### Brief
The output is the lines below from the one with "Snapshot of g4mens" through the one with "Genuine 2014 - 2016", both included, printed exactly and with no other line.

### Extracted records

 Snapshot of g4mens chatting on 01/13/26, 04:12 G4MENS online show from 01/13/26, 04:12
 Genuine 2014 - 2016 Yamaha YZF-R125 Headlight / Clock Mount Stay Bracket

---

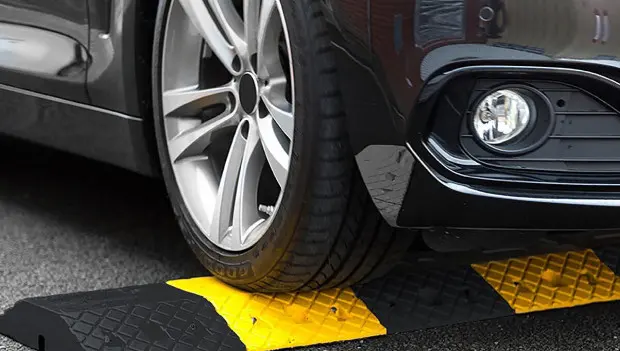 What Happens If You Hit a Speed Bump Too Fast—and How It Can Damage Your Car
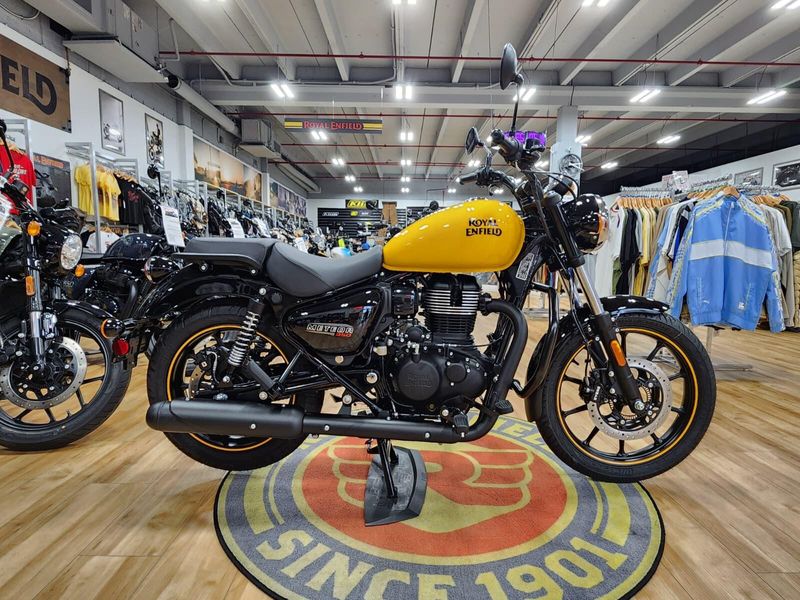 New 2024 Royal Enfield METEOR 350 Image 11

* * *

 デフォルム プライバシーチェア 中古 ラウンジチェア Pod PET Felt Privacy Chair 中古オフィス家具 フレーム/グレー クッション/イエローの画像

### Problem solution
 Snapshot of g4mens chatting on 01/13/26, 04:12 G4MENS online show from 01/13/26, 04:12
 Genuine 2014 - 2016 Yamaha YZF-R125 Headlight / Clock Mount Stay Bracket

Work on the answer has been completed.